5. Da somit keiner der geltend gemachten Ansprüche besteht, sind auch in diesem Zusammenhang behauptete vorgerichtlich entstandene Rechtsanwaltskosten nicht erstattungsfähig.
III.
Die Entscheidung über die Kosten des Rechtsstreits beruht auf § 91 Abs. 1 Satz 1 ZPO. Die Entscheidung über die vorläufige Vollstreckbarkeit folgt aus § 709 Sätze 1 und 2 ZPO.
IV.
Die Entscheidung über die Festsetzung des Streitwertes beruht auf §§ 2-5 ZPO i.V.m. § 40, § 43 Abs. 1 GKG.

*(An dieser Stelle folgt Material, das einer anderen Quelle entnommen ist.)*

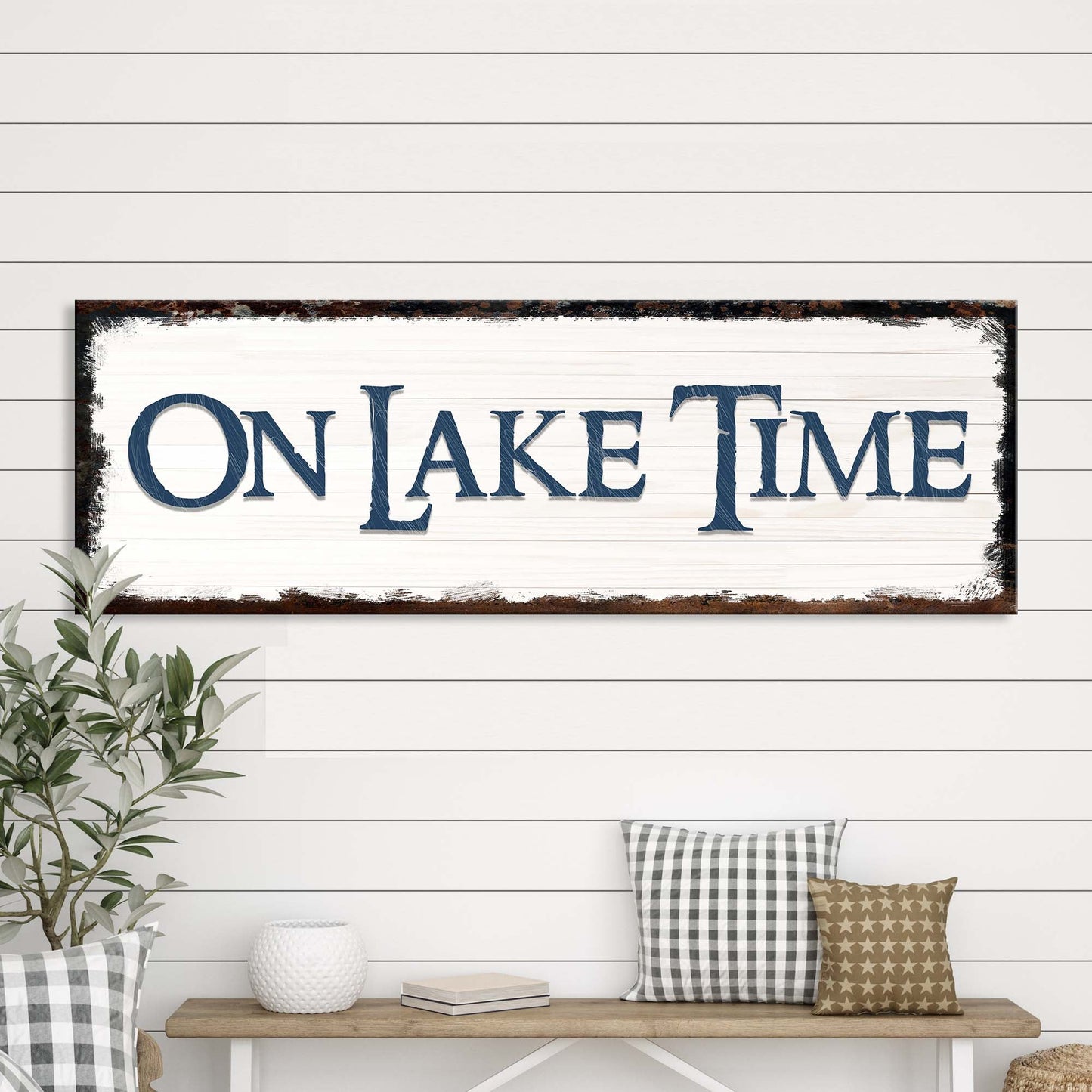 On Lake Time Personalized Canvas Sign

Der Streitwert war hinsichtlich des Leistungsantrages zu Ziffer 1) auf 27.642,61 EUR festzusetzen. Die Zug um Zug zu erbringenden Gegenleistungen der Klägerin beeinflussen diesen Wert nicht. Zug-um-Zug-Leistungen bleiben bei der Bestimmung des Streitwertes grundsätzlich außer Betracht (OLG Schleswig, Beschluss vom 30.01.2015, AZ: 5 W 14/15, s. Beck-RS 2015, 14467). Die Feststellung des Annahmeverzuges in Ziffer 2) hat keinen eigenständigen wirtschaftlichen Wert (BGH, Beschluss vom 19.12.2016, AZ: XI ZR 539/15, s. Beck-RS 2016, 115037). Ebenso der Antrag zu Ziffer 3).